Taking a step back, since the beginning of Covid-19 more than 4 million people have died from all causes. In any given year, almost 3 million Americans die, with the leading causes of death being heart disease, with about 650,000 deaths, and cancer, with about 600,000 deaths annually. As we begin to move beyond Covid-19, it becomes then important to ensure that we take what we have learned during this past year and apply it to US health going forward.

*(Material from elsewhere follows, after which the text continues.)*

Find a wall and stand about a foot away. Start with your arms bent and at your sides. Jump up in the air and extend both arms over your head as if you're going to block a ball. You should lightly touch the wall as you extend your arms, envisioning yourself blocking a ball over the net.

The disproportionate burden of Covid-19 borne by people of color has brought to a fore the centrality of health inequities, the unfairness that underlies health inequities, and has produced new urgency to address systematic forces like structural racism and underinvestment in ways to improve the social conditions that create health as a means of tackling these inequities. But these same forces are relevant not only to the deaths due to Covid-19. The deep and entrenched racial and socioeconomic inequities that drove Covid-19 influence nearly all other deaths in the US. In a recent analysis, sociologist Elizabeth Wrigley-Field estimated that 400,000 excess white deaths would be needed to raise white mortality to the best ever black mortality; it would take 700,000 excess white deaths to narrow the Black-white life expectancy gap. This analysis of course suggests that the scope of death from Covid-19 is comparable to the scope of the Black-white gap in mortality in general, every year.